The author tells us that there are three prerequisites for a good retirement:

  1. Financial planning.
  2. Talk to other spiritually mature friends who have retired, especially those who have retired recently.
  3. Seek God’s wisdom and guidance in prayer.

This book would be most helpful for those who have not yet retired, though it will also be helpful to those who have been retired for a brief time.

Here are the ten strategies and quotes from each of them that I found helpful:

Strategy 1 Determine Your Priorities

  • God’s glory must therefore be our greatest value, our highest priority, and the overriding goal of our lives. Everything else we value must be secondary, and a means to display God’s glory.
  • God has gifted us with these years, and he calls us to use them not for ourselves but for him.
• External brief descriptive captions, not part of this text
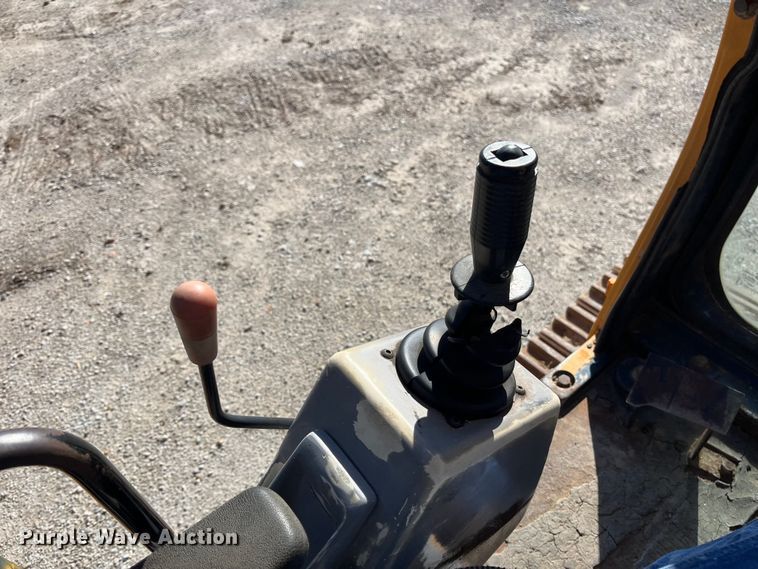 image for item EN5717 1996 Hyundai Robex 210LC-3 excavator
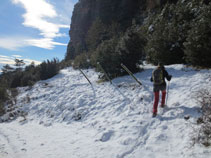 Girem a l´esquerra pel sender que va pel peu de la Roca de Canalda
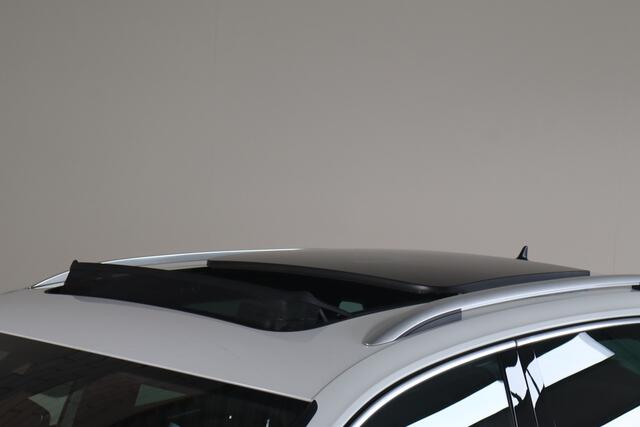 Volkswagen TIGUAN 1.5 TSI Comfortline Business - NL Auto!! Stoelmassage+verw I Pano I Adap Cruise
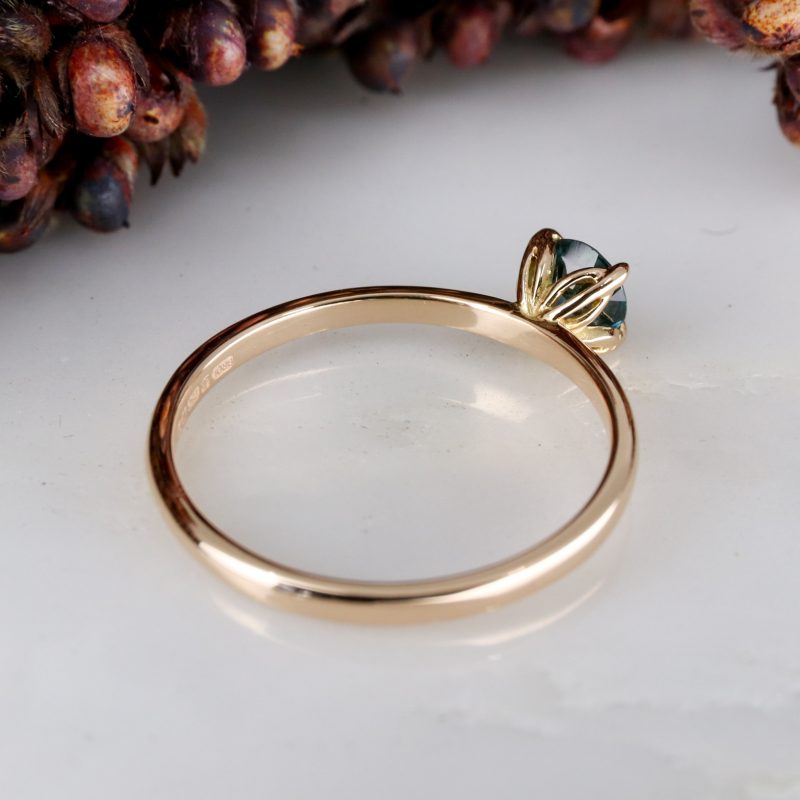 18ct rose gold tulip ring with 0.39ct teal sapphire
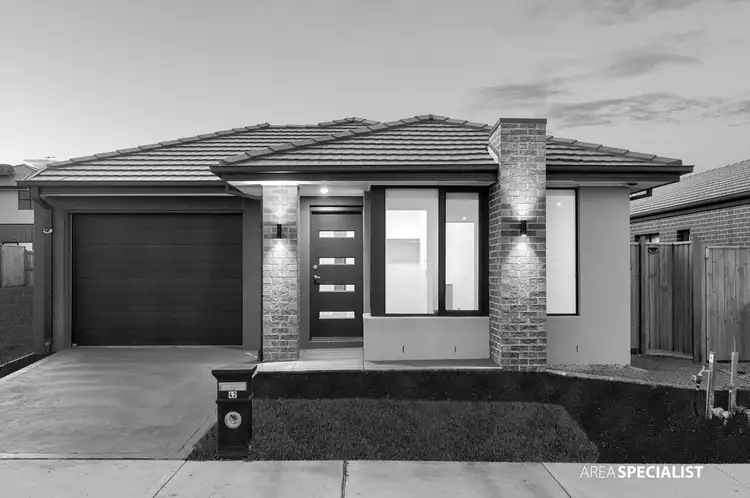 42 Maggie Crescent, Mambourin VIC 3024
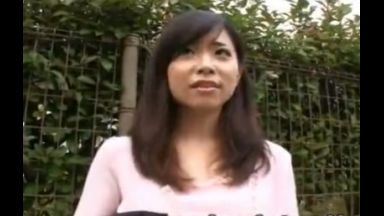 ♡「脇と足…汚まんこの臭いを嗅がして下さい…えっ♡…変態？」蒸れた匂いを嗅ぎながら精子を搾りだすドM男のthumbnail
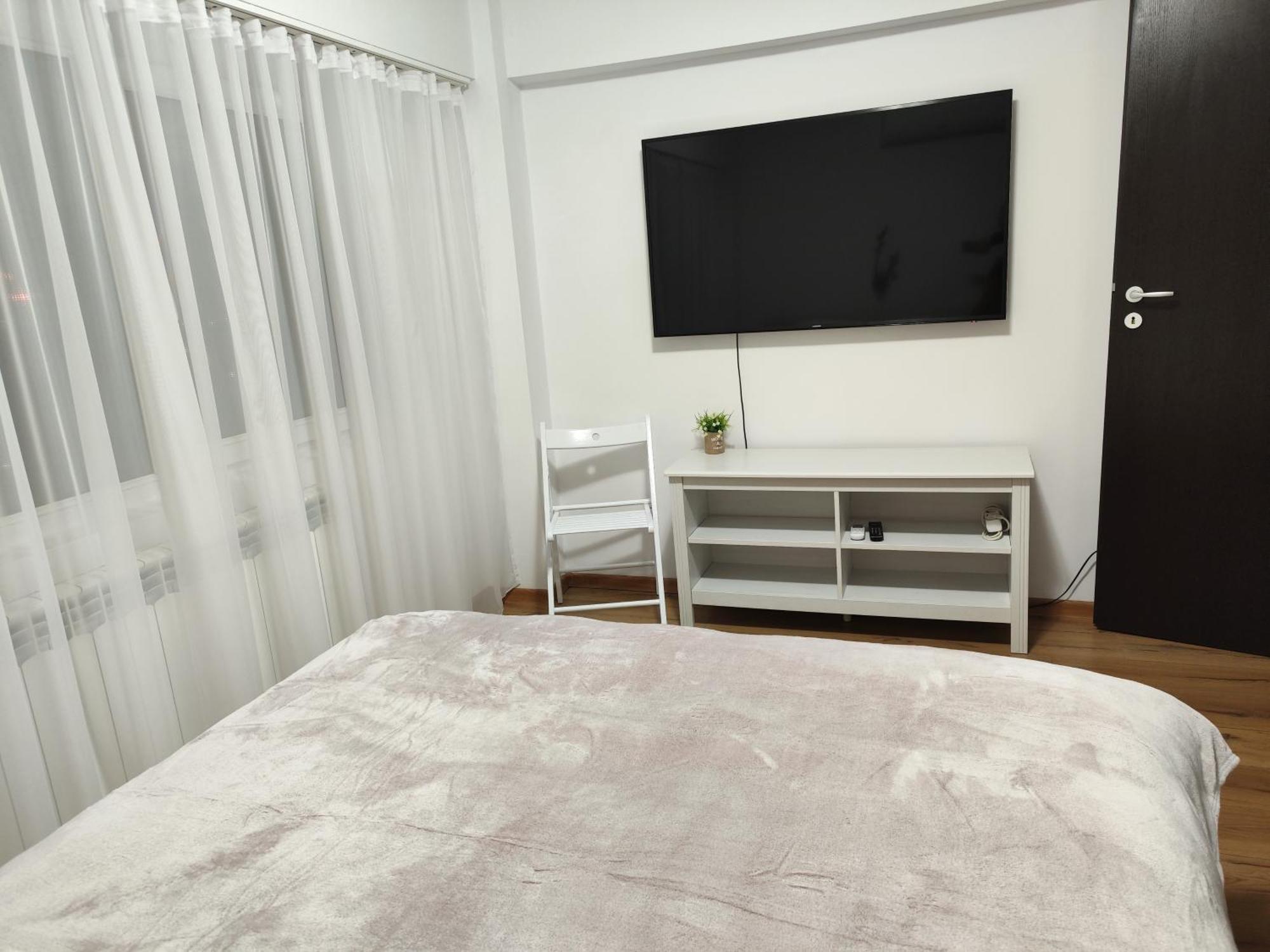 Platinum Apartment - Apartament Cu 3 Camere, 2 Dormitoare, 2 Bai, Bucatarie Complet Utilata, 2 Balcoane Bukarest Exterior foto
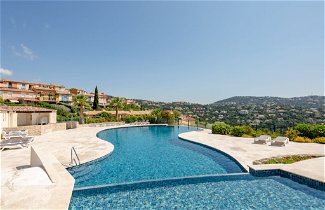 Foto 3 - Apartment mit 2 Schlafzimmern in Roquebrune-sur-Argens mit privater pool und blick aufs meer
He wants us to do things that will count for eternity.

Strategy 2 Retire at the Right Time

  • A successful, God-honoring retirement starts with retiring at the right time.
  • The loss of work identity associated with retirement may be difficult, but God can use it to allow good results in our spiritual transformation.

Strategy 3 Retire in the Right Place

  • The quality of our retirement and ability to glorify God in these years will largely depend on the social relationships we develop and maintain.

Strategy 4 Take Care of Yourself

  • An essential way to maximize how our retirement years can bring glory to God is to take care of the body and mind he has entrusted to us.

Strategy 5 Love God

  • The goal of a sabbatical is to start retirement living according to your God-given priorities, and to establish life balance.

Strategy 6 Make Good Friends

  • Friendships open new worlds for us, allow us the joy of serving others, and open opportunities to share the good news of Jesus with those who do not yet know him.

Strategy 7 Enjoy and Strengthen Your Family

  • We must talk to our grandchildren about God frequently. God can use us as a means for them to come to faith, learn to fear him, and do what is right.
  • Involvement with family may be the greatest way we can glorify God in retirement.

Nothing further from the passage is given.